От тех посещений у меня осталась странная тоска, когда я глядела на синюю, сверкающую на солнце, могучую, безучастную, равнодушную и такую прекрасную Неву, на удаляющийся белый пароходик. Все было не мое, ко мне никакого отношения не имело. Красный длинный забор, у которого все-таки иногда мне приходилось стоять, был мне ближе.
Когда папу перевели в гарнизонную тюрьму, он уже понял – выпустят. Оттуда выпускали.
Папу вызывают к следователю. В комнате большое окно, приоткрыта форточка. Следователь что-то говорит, но папа, не отрываясь, смотрит в окно. Впервые за двадцать месяцев – деревья, снег. Оказывается, чтобы чувствовать себя человеком, совершенно необходимо видеть деревья, снег, вдыхать аромат зимнего утра. Следователь еще ничего не обещает, но папа всем сердцем чувствует: приближается воля.
Но даже сейчас запрещает себе думать о маме, обо мне и о ребенке (родился ли?)…
Папа вышел из тюрьмы в длиннополой шинели, в которой покинул дом два года тому назад, без знаков различия, подпоясанный веревкой. Подошел к трамвайной остановке. В кармане было 15 копеек. Спросить или не спросить, сколько стоит билет? А вдруг следят? Один ложный шаг – и посадят вновь! Сейчас об этом можно читать с удивлением, но тогда… Вопрос – это нарушение данной подписки никогда, никому не упоминать про тюрьму. «А почему не знаешь, сколько стоит билет? А откуда ты? А не хотел ли ты так обратить внимание людей, что только вышел из тюрьмы?» Папа исподлобья оглядывал пассажиров, стоя на задней площадке вагона с синими фонарями. Молча протянул пятнадцать копеек. «Если что – спрыгну. Если теперь билет стоит дороже, я спрыгну».
Да, он не изменил себе и теперь. Когда-то сидел верхом на якоре, прижавшись к мокрому борту: «Если найдут, я прыгну и поплыву». Но сейчас тот побег казался детской забавой…
Кондукторша прокрутила ролик, висящий на груди, оторвала билет.
29 ноября 1939 года, через час после выхода из тюрьмы, он постучал в дверь комнаты дяди Славы. Тетя Ирочка пошла открывать. В дверях стоял худой, высокий нищий в оборванной шинели, подпоясанный веревкой.
– Сейчас, – кивнула Ирочка и пошла в комнату за куском хлеба.
Нищий шагнул следом.
– Я – Здравко, – сказал он.
Тем же утром мама проснулась в Рыльске со словами:
– Леля, Здравко выпустят.

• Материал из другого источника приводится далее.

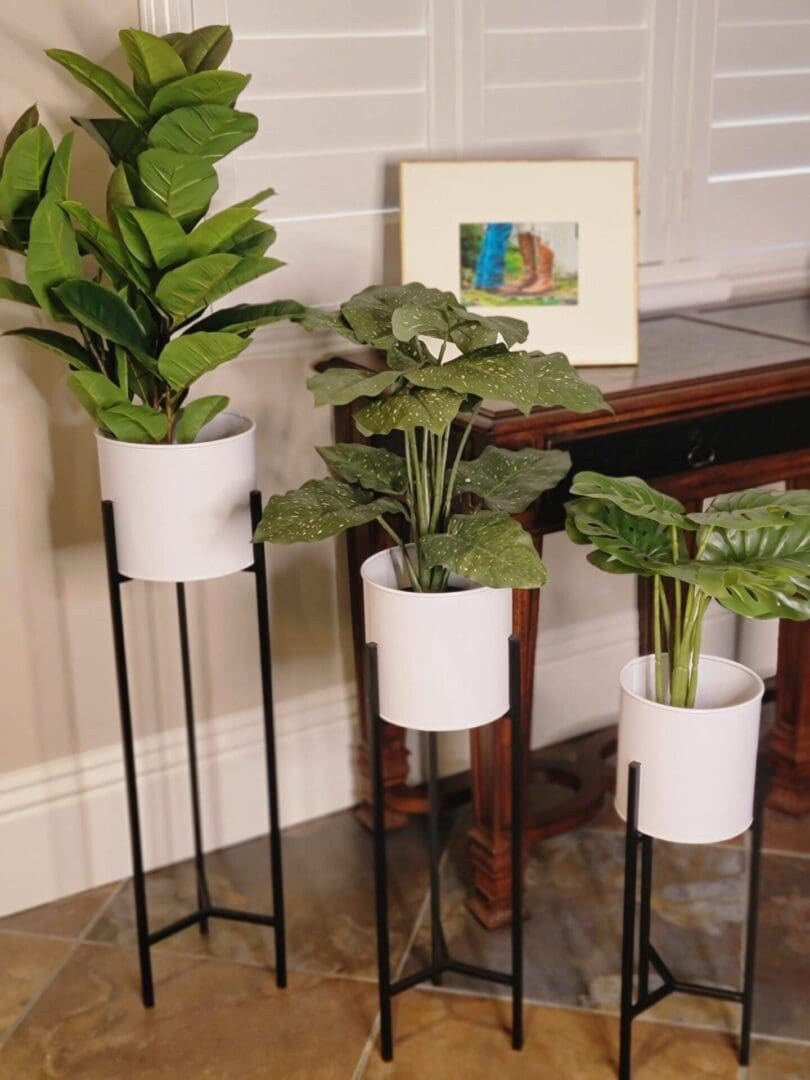 A group of three plants in pots on stands.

Я видела сон.
Сон был краток, но ярок: мама откинула свою подушку и увидела папины часы.
– Я во сне нашла часы Здравко, – сказала мама.
Мама, не верящая в сны, сейчас была непоколебимо уверена, что это посланный ей знак о скором освобождении мужа. Круглые, с потемневшим циферблатом, с большими черными цифрами и равномерно бегущей секундной стрелкой папины часы, подаренные после окончания академии, знакомы мне с самого детства. Их-то мама и нашла во сне под подушкой. В тот же день она получила телеграмму от Ирочки: «Здравко дома».
Мама бросила Вову на тетю и бабушку, и мы выехали в Ленинград. Там пробыли недолго, вероятно, несколько дней. Остановились все в той же комнате дяди Славы. Нас было шесть человек – четверо взрослых и двое детей. Папа был бритый и совершенно чужой. Помню темный город и синий свет от фар машин – шла финская война. И еще помню мамину радость. На обратной дороге я заболела корью, лежала и бредила на вокзале в «комнате матери и ребенка» в Курске. Но в памяти осталась только мамина радость.